Call for Papers
Beyond the Written Word: Doing History with Non-Traditional Sources
Jerusalem, May 31st – June 1st, 2016
The written word has long been the fundamental tool of traditional historiography. Other sources, such as art, archaeological artefacts, music, performance, religious objects and other forms of material culture have been studied as part of other disciplines. Historians have either avoided discussing them or used them merely as illustrations and embellishments of word-based studies. In recent years, historians have increasingly recognized the importance of non-verbal sources, especially for studies that are not Eurocentric in nature or not focused on literate elites. In recognizing these sources as complementary rather than supplementary, historians have drawn from other disciplines, but have also had to face difficulties in integrating these sources into historical methodology.
This international workshop, hosted by the Martin Buber Society of Fellows in the Humanities at the Hebrew University, seeks to tease out and bring forth these methodological problems by raising questions such as: what makes a primary source? How do we use non-traditional sources to conduct historical research? How can historians use material culture, music, art and other non-traditional sources to work within the discipline of history? What can they learn from other scholars that traditionally work with such sources, and where do they differ from the use in disciplines such as archaeology, art history, musicology, anthropology, etc.? The workshop will contribute to a wider debate about fundamental methodological changes in History in the twenty-first century. We would also consider the flexibility of disciplinary borders and the extent to which ideas and tools from one discipline can be adopted by another.

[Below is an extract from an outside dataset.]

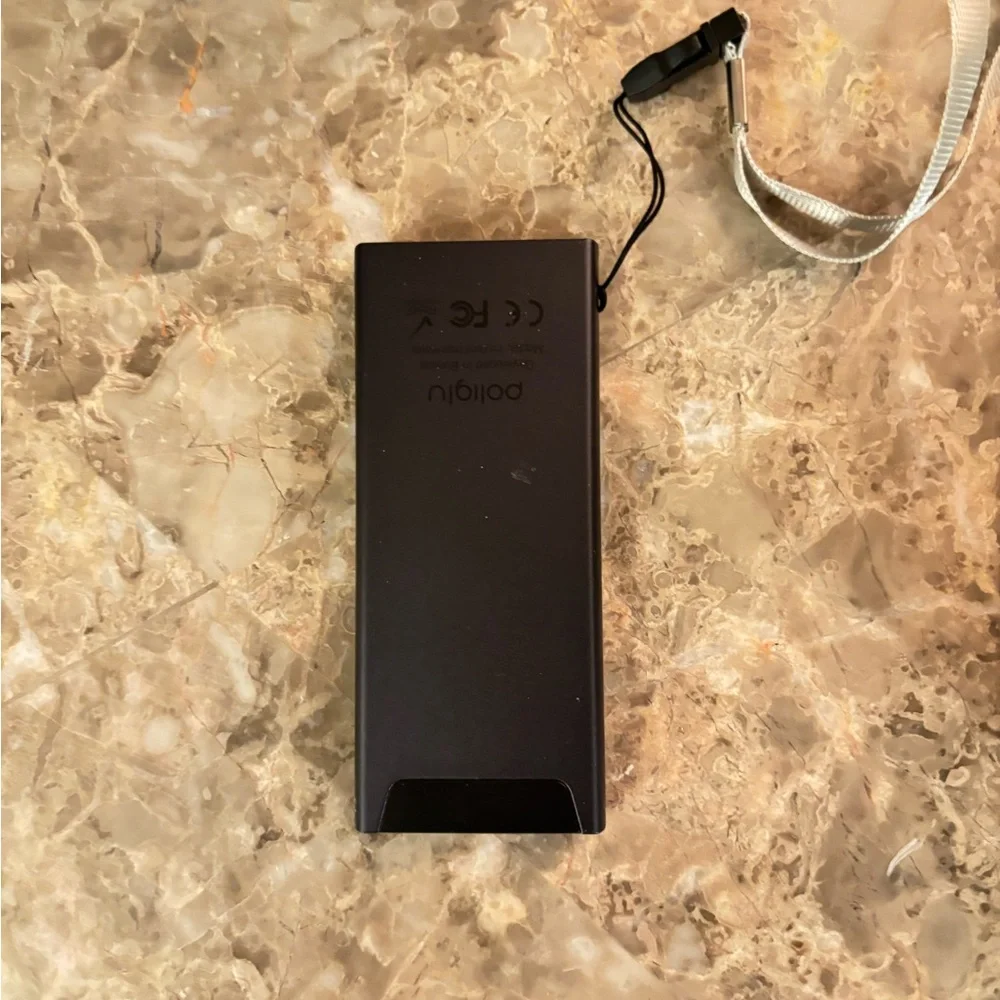 Poliglu Black Portable Language Translator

We invite papers on any topic or period of historical research, relying on non-verbal source material. Below are a few examples, but we encourage creative interpretations of the workshop theme.
- Theoretical/methodological papers on issues related to the use of such sources in the study of history.
In addition to panels dedicated to individual papers, participants will engage in a round table session dedicated to discussing the broader themes stemming from this workshop.
Please send a 1-2 page abstract of your paper and a copy of your CV to Beyond.firstname.lastname@example.org no later than January 30th, 2016.
We welcome scholars in all stages of their academic lives and from all disciplines, although papers should be focused on historical questions. Some travel assistance may be available for international scholars.